- **YOUR ASSIGNMENT**:
Produce a verbatim copy of the records, and keep the images out of it.

- **EXCERPTED DATA**:

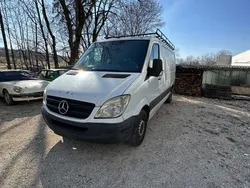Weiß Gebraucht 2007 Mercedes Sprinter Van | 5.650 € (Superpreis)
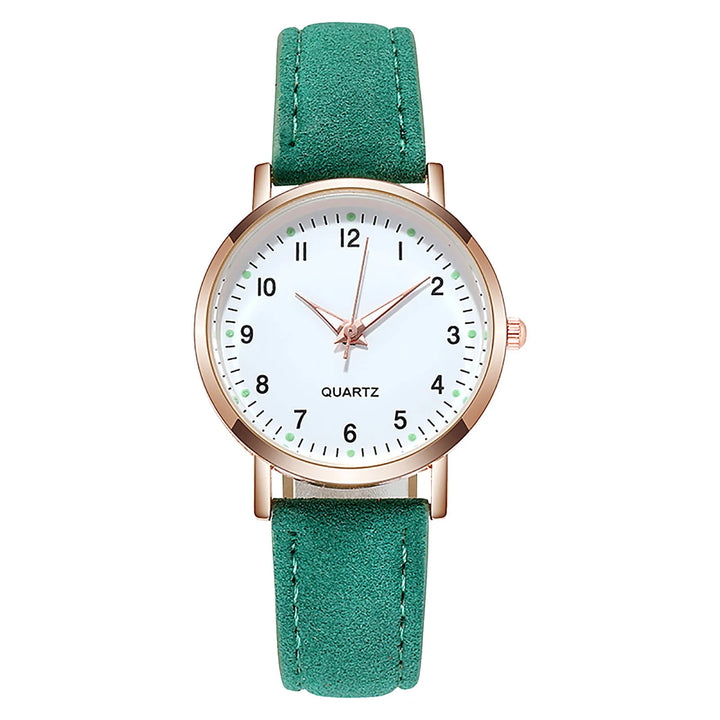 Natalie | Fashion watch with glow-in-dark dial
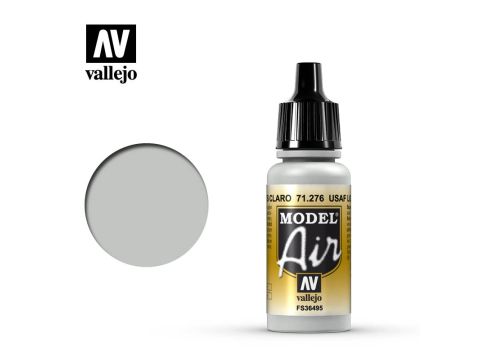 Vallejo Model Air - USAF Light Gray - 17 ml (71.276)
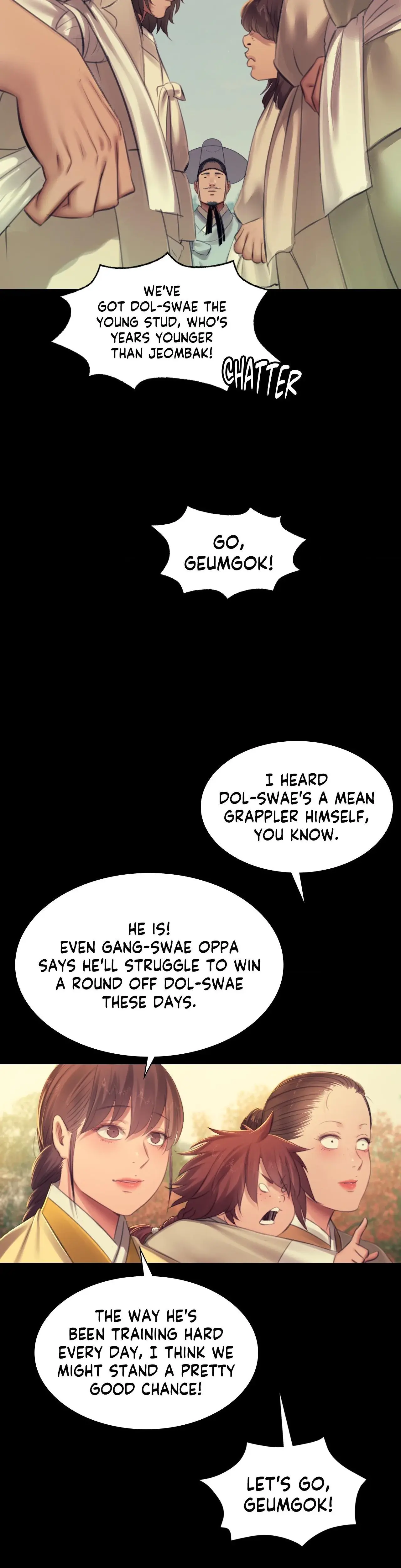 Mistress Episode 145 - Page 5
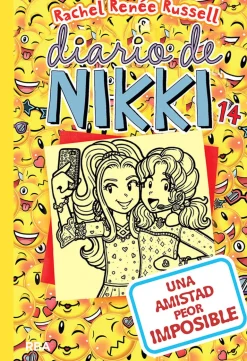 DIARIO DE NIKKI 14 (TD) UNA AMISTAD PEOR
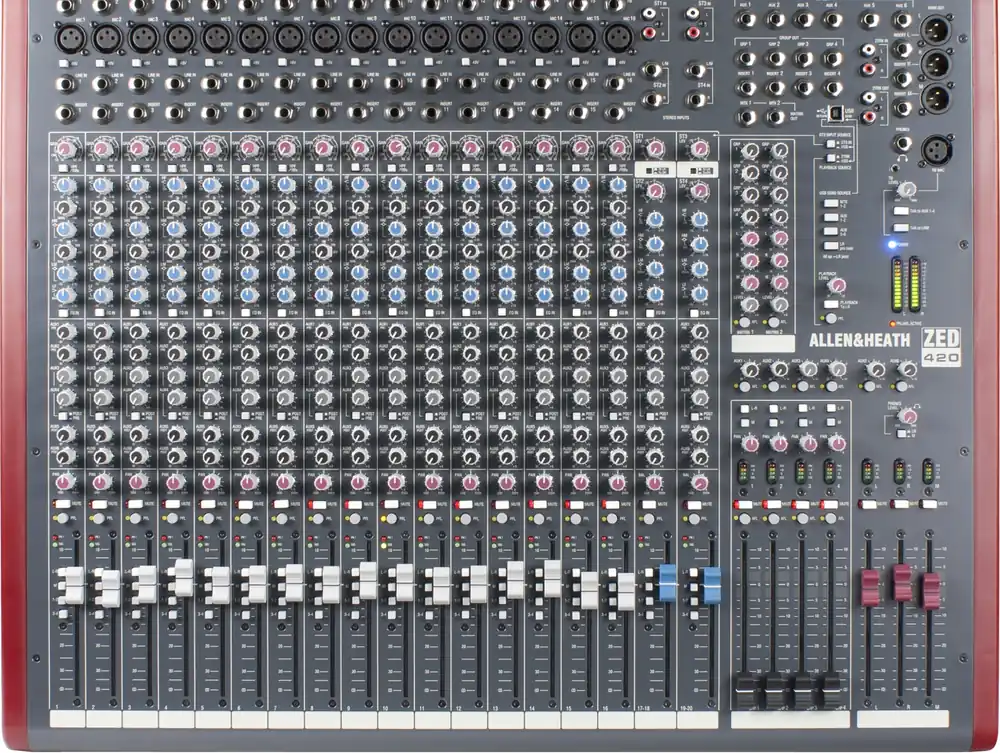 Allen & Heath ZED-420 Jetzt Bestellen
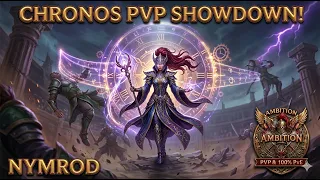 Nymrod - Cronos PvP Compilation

- **WRITTEN ANSWER**:
Weiß Gebraucht 2007 Mercedes Sprinter Van | 5.650 € (Superpreis)
 Natalie | Fashion watch with glow-in-dark dial
 Vallejo Model Air - USAF Light Gray - 17 ml (71.276)
 Mistress Episode 145 - Page 5
 DIARIO DE NIKKI 14 (TD) UNA AMISTAD PEOR
 Allen & Heath ZED-420 Jetzt Bestellen
 Nymrod - Cronos PvP Compilation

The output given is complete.